Remove comma between the quotes only in a comma delimited file

If the quotes are balanced, you will want to remove commas between every other quote, this can be expressed in awk like this:

awk -F'"' -v OFS='' '{ for (i=2; i<=NF; i+=2) gsub(",", "", $i) } 1' infile

Output:

123,ABC DEV 23,345,534.202,NAME

Explanation

The -F" makes awk separate the line at the double-quote signs, which means every other field will be the inter-quote text. The for-loop runs gsub, short for globally substitute, on every other field, replacing comma (",") with nothing ("").
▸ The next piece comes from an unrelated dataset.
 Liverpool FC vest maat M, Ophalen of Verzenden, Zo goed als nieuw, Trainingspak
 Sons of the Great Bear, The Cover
The 1 at the end invokes the default code-block: { print $0 }.


There is a good response, using sed simply one time with a loop:

echo '123,"ABC, DEV 23",345,534,"some more, comma-separated, words",202,NAME'|
  sed ':a;s/^\(\([^"]*,\?\|"[^",]*",\?\)*"[^",]*\),/\1 /;ta'
123,"ABC  DEV 23",345,534,"some more  comma-separated  words",202,NAME

Explanation:

  • :a; is a label for furter branch
  • s/^\(\([^"]*,\?\|"[^",]*",\?\)*"[^",]*\),/\1 / could contain 3 enclosed parts
    • first the 2nd: [^"]*,\?\|"[^",]*",\? match for a string containing no double quote, maybe followed by a coma or a string enclosed by two double quote, without coma and maybe followed by a coma.
    • than the first RE part is composed by as many repetition of previously described part 2, followed by 1 double quote and some caracteres, but no double-quote, nor comas.
    • The first RE part as to be followed by a coma.
    • Nota, the rest of the line don't need to be touched
  • ta will loop to :a if previous s/ command did some change.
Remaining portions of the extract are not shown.